**RECORDS PROVIDED**:
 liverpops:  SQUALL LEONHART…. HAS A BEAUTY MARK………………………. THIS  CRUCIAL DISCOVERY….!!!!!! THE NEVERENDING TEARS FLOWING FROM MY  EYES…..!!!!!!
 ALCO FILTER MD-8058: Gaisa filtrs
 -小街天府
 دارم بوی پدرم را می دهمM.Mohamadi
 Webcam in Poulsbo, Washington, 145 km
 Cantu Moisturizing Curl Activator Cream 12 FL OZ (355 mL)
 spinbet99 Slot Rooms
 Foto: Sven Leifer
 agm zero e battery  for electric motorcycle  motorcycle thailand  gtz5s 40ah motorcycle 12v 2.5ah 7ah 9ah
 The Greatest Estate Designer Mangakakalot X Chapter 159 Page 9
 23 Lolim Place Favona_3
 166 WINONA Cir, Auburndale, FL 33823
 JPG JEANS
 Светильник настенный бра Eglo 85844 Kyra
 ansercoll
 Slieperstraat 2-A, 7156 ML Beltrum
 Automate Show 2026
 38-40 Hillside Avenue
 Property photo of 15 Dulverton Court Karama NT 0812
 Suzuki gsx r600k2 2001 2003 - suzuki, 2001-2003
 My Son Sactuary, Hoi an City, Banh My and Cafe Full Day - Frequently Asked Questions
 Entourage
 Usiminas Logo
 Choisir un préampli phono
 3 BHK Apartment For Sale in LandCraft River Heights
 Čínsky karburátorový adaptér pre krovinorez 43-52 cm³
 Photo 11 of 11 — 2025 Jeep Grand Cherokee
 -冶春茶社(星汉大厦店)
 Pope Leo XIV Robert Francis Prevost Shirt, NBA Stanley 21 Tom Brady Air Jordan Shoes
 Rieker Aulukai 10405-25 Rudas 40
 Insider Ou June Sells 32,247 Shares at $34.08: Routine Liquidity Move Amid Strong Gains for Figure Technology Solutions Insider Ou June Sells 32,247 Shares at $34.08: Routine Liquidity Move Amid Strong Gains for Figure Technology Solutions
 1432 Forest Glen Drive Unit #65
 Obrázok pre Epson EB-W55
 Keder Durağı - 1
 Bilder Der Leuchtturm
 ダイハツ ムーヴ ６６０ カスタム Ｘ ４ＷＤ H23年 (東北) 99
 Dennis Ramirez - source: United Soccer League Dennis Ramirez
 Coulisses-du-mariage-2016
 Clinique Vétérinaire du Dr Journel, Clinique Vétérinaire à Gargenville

**HOW TO COMPLETE THIS TASK**: Reproduce every line of the data without changing a word.

**FINAL ANSWER**:
 liverpops:  SQUALL LEONHART…. HAS A BEAUTY MARK………………………. THIS  CRUCIAL DISCOVERY….!!!!!! THE NEVERENDING TEARS FLOWING FROM MY  EYES…..!!!!!!
 ALCO FILTER MD-8058: Gaisa filtrs
 -小街天府
 دارم بوی پدرم را می دهمM.Mohamadi
 Webcam in Poulsbo, Washington, 145 km
 Cantu Moisturizing Curl Activator Cream 12 FL OZ (355 mL)
 spinbet99 Slot Rooms
 Foto: Sven Leifer
 agm zero e battery  for electric motorcycle  motorcycle thailand  gtz5s 40ah motorcycle 12v 2.5ah 7ah 9ah
 The Greatest Estate Designer Mangakakalot X Chapter 159 Page 9
 23 Lolim Place Favona_3
 166 WINONA Cir, Auburndale, FL 33823
 JPG JEANS
 Светильник настенный бра Eglo 85844 Kyra
 ansercoll
 Slieperstraat 2-A, 7156 ML Beltrum
 Automate Show 2026
 38-40 Hillside Avenue
 Property photo of 15 Dulverton Court Karama NT 0812
 Suzuki gsx r600k2 2001 2003 - suzuki, 2001-2003
 My Son Sactuary, Hoi an City, Banh My and Cafe Full Day - Frequently Asked Questions
 Entourage
 Usiminas Logo
 Choisir un préampli phono
 3 BHK Apartment For Sale in LandCraft River Heights
 Čínsky karburátorový adaptér pre krovinorez 43-52 cm³
 Photo 11 of 11 — 2025 Jeep Grand Cherokee
 -冶春茶社(星汉大厦店)
 Pope Leo XIV Robert Francis Prevost Shirt, NBA Stanley 21 Tom Brady Air Jordan Shoes
 Rieker Aulukai 10405-25 Rudas 40
 Insider Ou June Sells 32,247 Shares at $34.08: Routine Liquidity Move Amid Strong Gains for Figure Technology Solutions Insider Ou June Sells 32,247 Shares at $34.08: Routine Liquidity Move Amid Strong Gains for Figure Technology Solutions
 1432 Forest Glen Drive Unit #65
 Obrázok pre Epson EB-W55
 Keder Durağı - 1
 Bilder Der Leuchtturm
 ダイハツ ムーヴ ６６０ カスタム Ｘ ４ＷＤ H23年 (東北) 99
 Dennis Ramirez - source: United Soccer League Dennis Ramirez
 Coulisses-du-mariage-2016
 Clinique Vétérinaire du Dr Journel, Clinique Vétérinaire à Gargenville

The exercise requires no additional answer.